Re: ISSUE 30 @longdesc use cases

On Mon, Aug 23, 2010 at 3:58 PM, Ian Hickson <ian@hixie.ch> wrote:
> On Mon, 23 Aug 2010, Jonas Sicking wrote:
>>
>> Define "presented to user".
>
> Let me try again with different terminology:
>
> When specified on an element, hidden="" indicates that the element is not
> yet, or is no longer, relevant. User agents should not render elements
> that have the hidden attribute specified.
>
>
>> A <style> element inside a @hidden element still affects the
>> presentation of the whole page. SVG patterns, markers and <use> elements
>> that point to elements inside a @hidden element is still rendered right?
>> Form controls are still submitted, and javascript is still run, the
>> effects of this is often visible to the user.
>
> Sure. Those cases would all be abuses of hidden="", but they would indeed
> work as described (with the possible exception of the SVG stuff, I'm not
> sure how they react to display:none, which is what hidden="" maps to).
>
> The point is that hidden="" means the content is irrelevant. The hidden
> attribute must not be used to hide content that could legitimately be
> shown in another presentation.

Agree with you so far.

> Elements that are not hidden should not
> link to or refer to elements that are hidden.

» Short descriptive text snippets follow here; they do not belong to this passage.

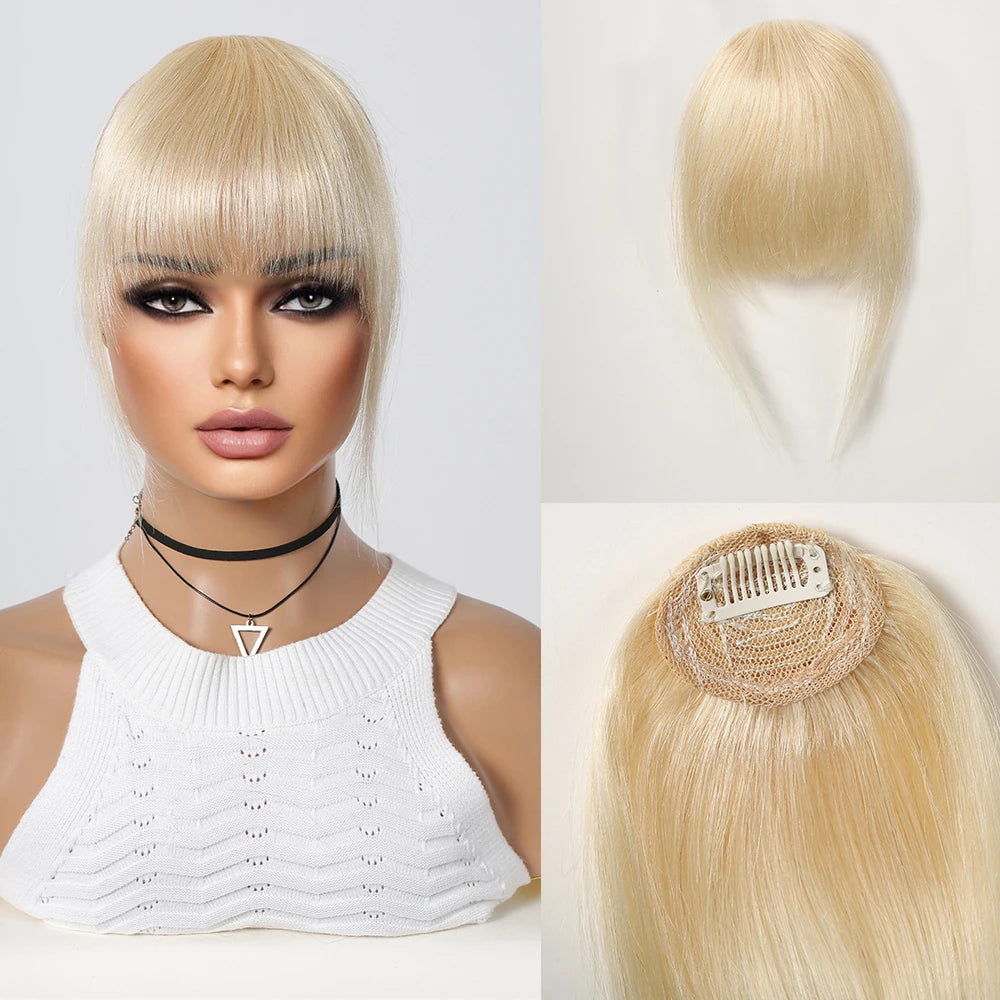 Golden Blonde Human Hair Fringe Bangs Clips in Straight 3D Air Fringe Bangs for Women Remy Human Hairpiece Light Hair Extensions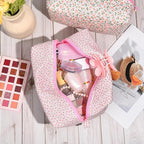 Soidram quilted makeup bag floral
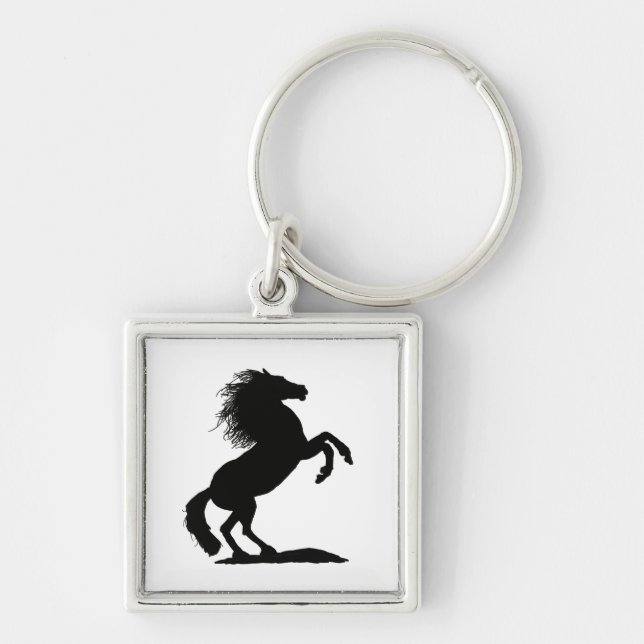 Rearing Black Stallion - Key Ring (Front)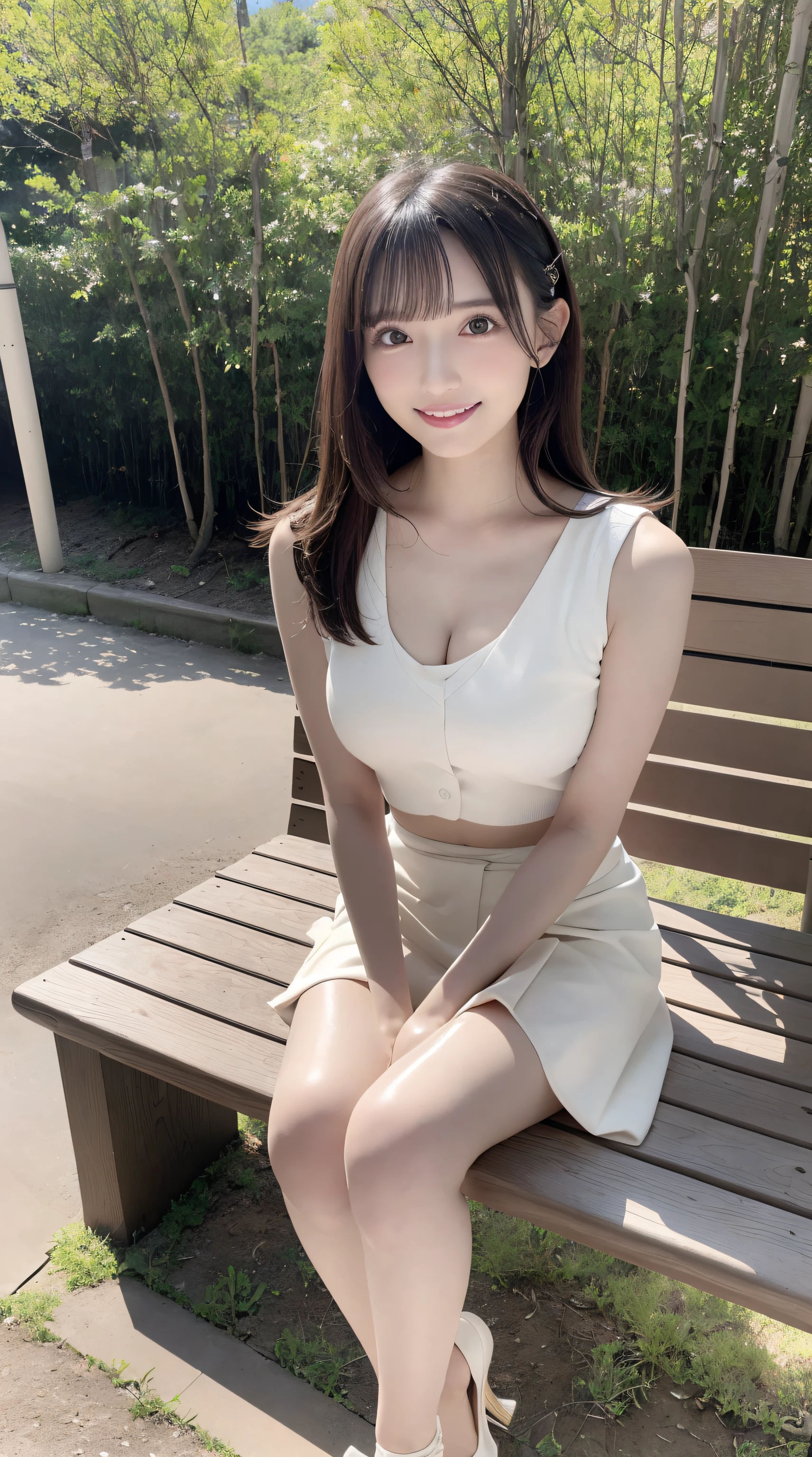 (Best Quality, masutepiece, Ultra HD: 1.3, High brightness, High color saturation), 1girl in, （middlebreasts）, light brown hair, Asymmetrical hair, straight haired, Long hair, （ slender body shape, Constricted waist）, （Ultra Fine Face）, Delicate lips, （beautidful eyes）, thin blush, eyes are brown, perfect glossy skin, View here, Smiling smile, （ hide one's hands）, （Sitting on a bench）, （thin and long legs, Thighs and toes:1.5), See-through white blouse, White tight skirt, （White pumps）, (a japanese girl, hposing Gravure Idol), Broad-leaved forest, 135 mm, Fuji Film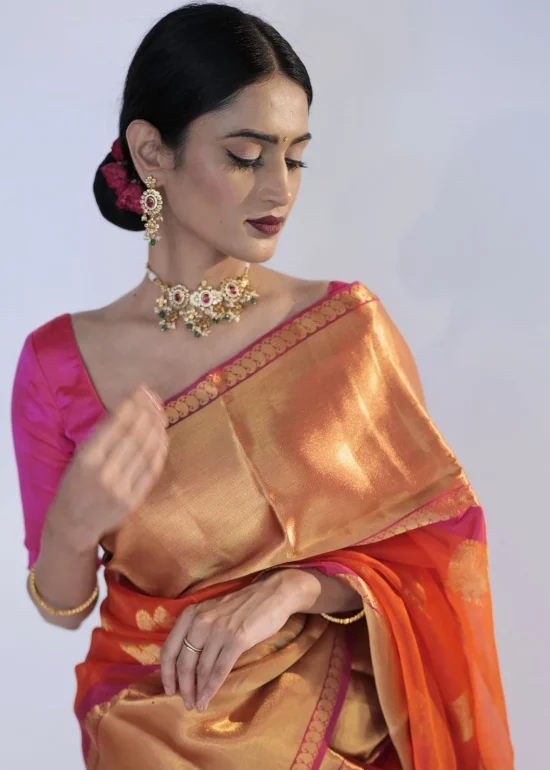 Orange Organza Silk Saree with Kanchi Zari Border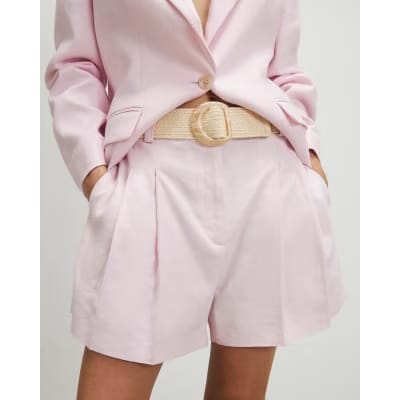 Pink Linen Look Belted Shorts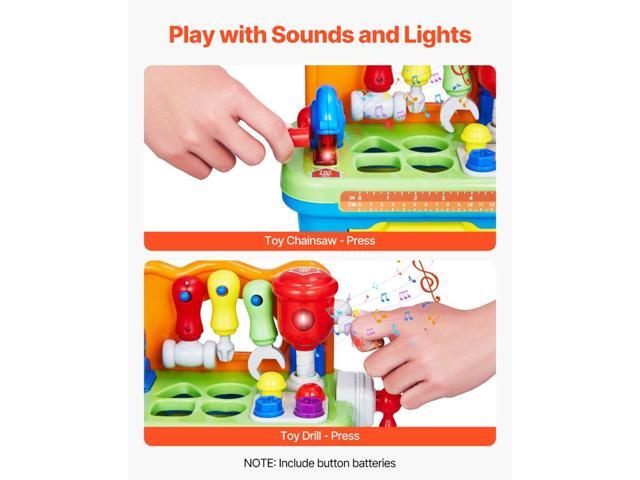 Musical Workbench Toy, Sounds & Lights, Musical Learning Workbench for Toddler Age 2 Years and Up, Baby Pretend Play Tool Set, Infant Shape Sorter...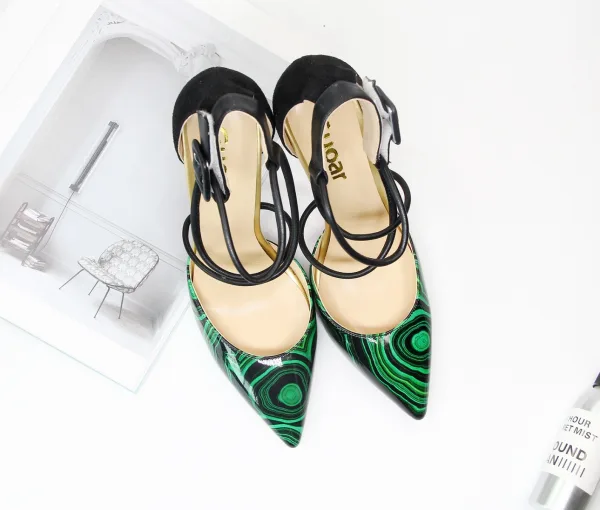 Chic / Belle Vert Vêtement de rue Sandales Femme 2020 Bride Cheville 12 cm Talons Aiguilles À Bout Pointu Sandales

This, however I don't agree with. Why should this not be permitted?
What problem is solved by forbidding this?

> hidden="" is very definitely _not_ a media-specific "hide from the screen
> users but show it to the AT tool users" feature. It's entire purpose is in
> fact to provide a semantic way to hide things from AT users, so that
> people writing dynamic applications can write accessible apps and do not
> have to rely on CSS to get the irrelevant parts of their app hidden.

Note that my example has nothing media-specific in it. AT tool users
also do not see the content when it's read by a screen reader when the
reader is reading the normal flow of the page.